Figure 6.
Oligomeric States of Acm1-Cdh1WD40
(A) Size-exclusion chromatography of WT Acm1CIR-Cdh1WD40 without glycerol shows heterotetramers (peak 1) and heterodimers (peak 2). Glycerol (10% v/v) promotes heterotetramers. Associated SDS-PAGE gels are shown in Figures S4B and S4D. Only heterodimers are observed when either the NEN sequence (Acm1CIR-mNEN-Cdh1WD40) or DB3 is disrupted (Acm1CIR-mdb3-Cdh1WD40). The latter two samples were run with 10% (v/v) glycerol. Associated SDS-PAGE gels shown in Figures S4I and S4J.

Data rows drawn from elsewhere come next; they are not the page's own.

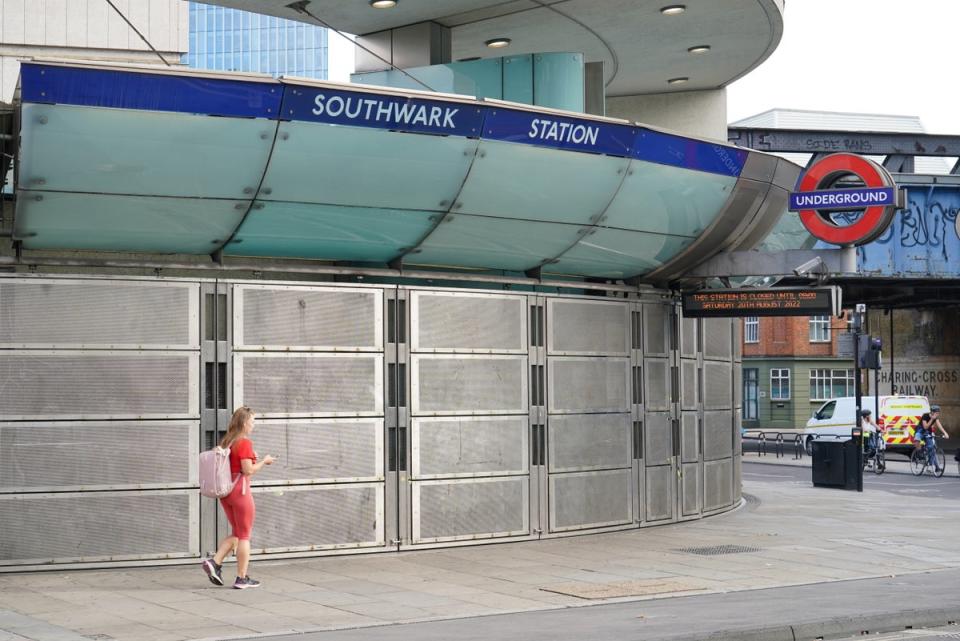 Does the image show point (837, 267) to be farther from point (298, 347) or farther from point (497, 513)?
point (298, 347)

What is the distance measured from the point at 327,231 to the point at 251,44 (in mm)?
139895

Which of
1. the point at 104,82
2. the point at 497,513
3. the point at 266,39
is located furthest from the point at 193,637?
the point at 266,39

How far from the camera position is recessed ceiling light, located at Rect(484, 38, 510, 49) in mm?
18169

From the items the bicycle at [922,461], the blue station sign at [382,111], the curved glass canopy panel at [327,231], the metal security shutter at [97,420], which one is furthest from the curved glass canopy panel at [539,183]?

(B and C) SAXS profiles for Acm1CIR-Cdh1WD40 and Acm1CIR-mNEN-Cdh1WD40 complexes. (B) Experimental SAXS profile (black dots) for Acm1CIR-Cdh1WD40 compared with computed SAXS profiles for the Acm1CIR-Cdh1WD40 tetramer (cyan) and dimer (red). It shows a good fit to the computed SAXS profile of the tetramer (χ2 = 12) but is a poor match to the computed SAXS profile of the dimer (χ2 = 93). The experimental radius of gyration (Rg) for Acm1CIR-Cdh1WD40 is 31 Å, and the calculated radii of gyration for tetramer and dimer models are 28 Å and 20 Å, respectively. The scattering vector q = 4πsin(θ)/λ, where θ is half the scattering angle. (C) Experimental SAXS profile (black dots) of Acm1CIR-mNEN-Cdh1WD40 shows a good fit to the computed SAXS profile of the dimer (χ2 = 3.7) but is a poor match to the computed SAXS profile of the tetramer (χ2 = 9.6). Experimental radius of gyration is 25 Å.
(D) In vitro APC ubiquitination assays with 35S-labeled S. cerevisiae securin and IVT-produced ScCdh1 and WT and mutant Acm1CIR. Acm1CIR-mediated inhibition is abolished by mutation of the DB3 (Acm1CIR-mdb3). In contrast to DB3 mutations, disruption of the NEN sequence (Acm1CIR-mNEN) does not impair Acm1CIR-mediated inhibition of APC/CCdh1 ubiquitination of securin.